Scraped caption text data:
◆ ◆ ◆ ◆ ◆ ◆ ◆

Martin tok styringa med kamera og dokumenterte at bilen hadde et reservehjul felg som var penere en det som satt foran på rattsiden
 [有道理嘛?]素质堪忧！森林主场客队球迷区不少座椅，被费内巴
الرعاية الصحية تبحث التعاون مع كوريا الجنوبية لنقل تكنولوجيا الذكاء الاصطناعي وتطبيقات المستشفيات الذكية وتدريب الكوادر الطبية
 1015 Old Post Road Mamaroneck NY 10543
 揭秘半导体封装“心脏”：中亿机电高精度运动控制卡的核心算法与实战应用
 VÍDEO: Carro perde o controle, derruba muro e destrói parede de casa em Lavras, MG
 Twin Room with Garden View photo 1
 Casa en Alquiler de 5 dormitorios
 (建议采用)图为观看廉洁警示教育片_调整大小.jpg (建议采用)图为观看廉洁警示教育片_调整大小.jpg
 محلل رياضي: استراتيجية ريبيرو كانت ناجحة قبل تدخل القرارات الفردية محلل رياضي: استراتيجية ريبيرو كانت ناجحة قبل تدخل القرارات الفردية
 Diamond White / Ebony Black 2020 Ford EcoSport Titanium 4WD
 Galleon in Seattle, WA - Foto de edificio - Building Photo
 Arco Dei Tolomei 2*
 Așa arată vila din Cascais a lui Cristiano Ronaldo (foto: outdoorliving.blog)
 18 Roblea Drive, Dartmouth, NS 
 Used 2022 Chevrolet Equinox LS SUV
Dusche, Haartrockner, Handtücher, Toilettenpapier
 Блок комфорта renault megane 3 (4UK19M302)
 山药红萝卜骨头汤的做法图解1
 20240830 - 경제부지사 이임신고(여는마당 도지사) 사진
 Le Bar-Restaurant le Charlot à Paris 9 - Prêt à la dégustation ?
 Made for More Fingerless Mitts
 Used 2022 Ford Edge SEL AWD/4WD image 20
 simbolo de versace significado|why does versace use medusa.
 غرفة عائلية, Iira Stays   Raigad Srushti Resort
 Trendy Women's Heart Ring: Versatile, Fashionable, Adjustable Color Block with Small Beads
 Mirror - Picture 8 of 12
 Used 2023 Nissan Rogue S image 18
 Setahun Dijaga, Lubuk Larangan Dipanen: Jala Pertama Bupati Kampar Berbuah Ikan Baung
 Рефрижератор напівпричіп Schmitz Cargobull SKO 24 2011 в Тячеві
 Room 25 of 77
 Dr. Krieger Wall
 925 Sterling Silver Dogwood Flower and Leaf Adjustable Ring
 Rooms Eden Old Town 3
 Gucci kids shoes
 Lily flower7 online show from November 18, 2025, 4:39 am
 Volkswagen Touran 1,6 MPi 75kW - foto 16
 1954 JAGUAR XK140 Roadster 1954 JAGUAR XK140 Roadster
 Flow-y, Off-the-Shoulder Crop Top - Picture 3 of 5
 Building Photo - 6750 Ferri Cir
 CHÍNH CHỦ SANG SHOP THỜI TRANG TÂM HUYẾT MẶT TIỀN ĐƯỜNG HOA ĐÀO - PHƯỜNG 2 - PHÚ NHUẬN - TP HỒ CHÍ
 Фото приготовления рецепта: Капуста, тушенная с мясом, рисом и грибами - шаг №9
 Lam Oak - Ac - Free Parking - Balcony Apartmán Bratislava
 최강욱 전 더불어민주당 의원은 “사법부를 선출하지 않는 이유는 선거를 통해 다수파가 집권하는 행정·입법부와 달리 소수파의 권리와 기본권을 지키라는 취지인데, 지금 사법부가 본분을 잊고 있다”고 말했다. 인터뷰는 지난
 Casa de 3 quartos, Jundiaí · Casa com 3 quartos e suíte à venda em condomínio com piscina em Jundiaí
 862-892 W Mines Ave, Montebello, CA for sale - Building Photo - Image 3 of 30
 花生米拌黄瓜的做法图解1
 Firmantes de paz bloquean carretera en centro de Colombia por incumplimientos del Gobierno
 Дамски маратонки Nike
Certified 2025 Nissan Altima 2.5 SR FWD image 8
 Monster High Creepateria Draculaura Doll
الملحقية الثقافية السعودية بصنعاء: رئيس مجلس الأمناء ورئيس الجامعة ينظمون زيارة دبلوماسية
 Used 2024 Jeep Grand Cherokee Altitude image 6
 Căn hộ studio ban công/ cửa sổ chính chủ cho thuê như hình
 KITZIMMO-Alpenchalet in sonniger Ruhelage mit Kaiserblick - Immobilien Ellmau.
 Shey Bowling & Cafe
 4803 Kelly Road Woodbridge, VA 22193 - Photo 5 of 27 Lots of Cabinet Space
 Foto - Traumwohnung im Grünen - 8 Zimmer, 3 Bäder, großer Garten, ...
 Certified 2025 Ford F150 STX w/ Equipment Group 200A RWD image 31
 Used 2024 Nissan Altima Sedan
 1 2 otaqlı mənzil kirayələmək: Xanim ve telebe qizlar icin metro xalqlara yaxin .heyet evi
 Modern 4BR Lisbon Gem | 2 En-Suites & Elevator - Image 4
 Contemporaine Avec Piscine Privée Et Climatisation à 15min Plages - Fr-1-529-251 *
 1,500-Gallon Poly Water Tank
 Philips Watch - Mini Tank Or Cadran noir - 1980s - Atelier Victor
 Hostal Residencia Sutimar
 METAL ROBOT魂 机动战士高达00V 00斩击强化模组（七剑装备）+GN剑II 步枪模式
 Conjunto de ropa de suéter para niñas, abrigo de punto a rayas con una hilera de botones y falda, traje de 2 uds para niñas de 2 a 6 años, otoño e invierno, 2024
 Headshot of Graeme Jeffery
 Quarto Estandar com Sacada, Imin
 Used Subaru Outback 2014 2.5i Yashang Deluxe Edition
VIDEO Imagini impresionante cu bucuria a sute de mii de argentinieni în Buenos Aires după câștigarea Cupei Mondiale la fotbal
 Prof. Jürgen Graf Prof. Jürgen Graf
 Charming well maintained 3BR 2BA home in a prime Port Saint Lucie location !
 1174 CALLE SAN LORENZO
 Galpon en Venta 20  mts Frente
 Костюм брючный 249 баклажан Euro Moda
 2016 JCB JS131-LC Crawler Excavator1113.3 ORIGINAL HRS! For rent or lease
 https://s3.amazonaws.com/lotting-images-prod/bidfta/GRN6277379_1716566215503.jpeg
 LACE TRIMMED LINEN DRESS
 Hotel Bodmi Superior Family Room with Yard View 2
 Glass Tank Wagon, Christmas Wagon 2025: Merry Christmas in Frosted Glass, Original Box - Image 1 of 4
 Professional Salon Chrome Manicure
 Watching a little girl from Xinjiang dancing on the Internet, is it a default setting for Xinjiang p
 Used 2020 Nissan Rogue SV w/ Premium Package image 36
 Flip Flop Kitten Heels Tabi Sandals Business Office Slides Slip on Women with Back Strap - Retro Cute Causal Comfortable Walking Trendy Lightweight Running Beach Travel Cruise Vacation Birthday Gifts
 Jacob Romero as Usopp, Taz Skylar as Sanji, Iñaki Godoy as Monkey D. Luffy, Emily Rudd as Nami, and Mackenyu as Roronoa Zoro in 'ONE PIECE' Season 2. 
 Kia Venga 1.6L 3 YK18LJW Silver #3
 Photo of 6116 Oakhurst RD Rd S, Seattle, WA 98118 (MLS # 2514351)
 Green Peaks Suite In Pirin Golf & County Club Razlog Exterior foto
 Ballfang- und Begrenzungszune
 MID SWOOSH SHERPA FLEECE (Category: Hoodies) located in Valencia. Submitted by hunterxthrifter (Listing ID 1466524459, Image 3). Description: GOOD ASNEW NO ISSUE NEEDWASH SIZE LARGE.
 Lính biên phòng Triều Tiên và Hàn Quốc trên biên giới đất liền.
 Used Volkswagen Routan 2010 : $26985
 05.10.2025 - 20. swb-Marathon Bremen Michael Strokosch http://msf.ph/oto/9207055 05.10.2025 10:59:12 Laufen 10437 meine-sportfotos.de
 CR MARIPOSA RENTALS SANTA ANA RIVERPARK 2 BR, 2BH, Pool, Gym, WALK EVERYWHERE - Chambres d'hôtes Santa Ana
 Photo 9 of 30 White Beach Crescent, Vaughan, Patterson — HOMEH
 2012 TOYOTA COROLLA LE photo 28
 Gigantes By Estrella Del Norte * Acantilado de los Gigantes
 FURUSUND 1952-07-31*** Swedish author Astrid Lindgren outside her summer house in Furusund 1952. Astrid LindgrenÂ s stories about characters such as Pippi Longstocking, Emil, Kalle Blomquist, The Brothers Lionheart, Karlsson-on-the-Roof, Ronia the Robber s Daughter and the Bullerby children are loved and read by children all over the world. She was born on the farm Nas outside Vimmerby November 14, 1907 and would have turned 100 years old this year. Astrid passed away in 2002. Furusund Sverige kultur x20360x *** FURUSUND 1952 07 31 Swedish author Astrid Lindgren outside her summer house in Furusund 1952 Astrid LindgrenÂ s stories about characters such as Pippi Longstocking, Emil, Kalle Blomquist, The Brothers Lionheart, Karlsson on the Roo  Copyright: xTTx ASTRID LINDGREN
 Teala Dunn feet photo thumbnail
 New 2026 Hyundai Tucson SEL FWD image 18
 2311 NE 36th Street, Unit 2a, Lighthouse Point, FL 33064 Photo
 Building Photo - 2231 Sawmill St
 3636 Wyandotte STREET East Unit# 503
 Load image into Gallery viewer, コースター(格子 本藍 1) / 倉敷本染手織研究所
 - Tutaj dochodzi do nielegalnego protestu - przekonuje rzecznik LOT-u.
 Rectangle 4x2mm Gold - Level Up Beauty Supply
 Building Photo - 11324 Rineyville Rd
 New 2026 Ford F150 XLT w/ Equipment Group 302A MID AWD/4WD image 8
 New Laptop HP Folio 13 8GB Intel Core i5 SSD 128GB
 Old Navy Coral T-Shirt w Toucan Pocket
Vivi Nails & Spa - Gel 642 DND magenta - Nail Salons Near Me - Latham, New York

◆ ◆ ◆ ◆ ◆ ◆ ◆

Exercise: Would you retype the lines above from the one with "Charming well maintained" down to the one with "MID SWOOSH SHERPA", word for word, both ends included and no other lines?

Response for this exercise:
 Charming well maintained 3BR 2BA home in a prime Port Saint Lucie location !
 1174 CALLE SAN LORENZO
 Galpon en Venta 20  mts Frente
 Костюм брючный 249 баклажан Euro Moda
 2016 JCB JS131-LC Crawler Excavator1113.3 ORIGINAL HRS! For rent or lease
 https://s3.amazonaws.com/lotting-images-prod/bidfta/GRN6277379_1716566215503.jpeg
 LACE TRIMMED LINEN DRESS
 Hotel Bodmi Superior Family Room with Yard View 2
 Glass Tank Wagon, Christmas Wagon 2025: Merry Christmas in Frosted Glass, Original Box - Image 1 of 4
 Professional Salon Chrome Manicure
 Watching a little girl from Xinjiang dancing on the Internet, is it a default setting for Xinjiang p
 Used 2020 Nissan Rogue SV w/ Premium Package image 36
 Flip Flop Kitten Heels Tabi Sandals Business Office Slides Slip on Women with Back Strap - Retro Cute Causal Comfortable Walking Trendy Lightweight Running Beach Travel Cruise Vacation Birthday Gifts
 Jacob Romero as Usopp, Taz Skylar as Sanji, Iñaki Godoy as Monkey D. Luffy, Emily Rudd as Nami, and Mackenyu as Roronoa Zoro in 'ONE PIECE' Season 2. 
 Kia Venga 1.6L 3 YK18LJW Silver #3
 Photo of 6116 Oakhurst RD Rd S, Seattle, WA 98118 (MLS # 2514351)
 Green Peaks Suite In Pirin Golf & County Club Razlog Exterior foto
 Ballfang- und Begrenzungszune
 MID SWOOSH SHERPA FLEECE (Category: Hoodies) located in Valencia. Submitted by hunterxthrifter (Listing ID 1466524459, Image 3). Description: GOOD ASNEW NO ISSUE NEEDWASH SIZE LARGE.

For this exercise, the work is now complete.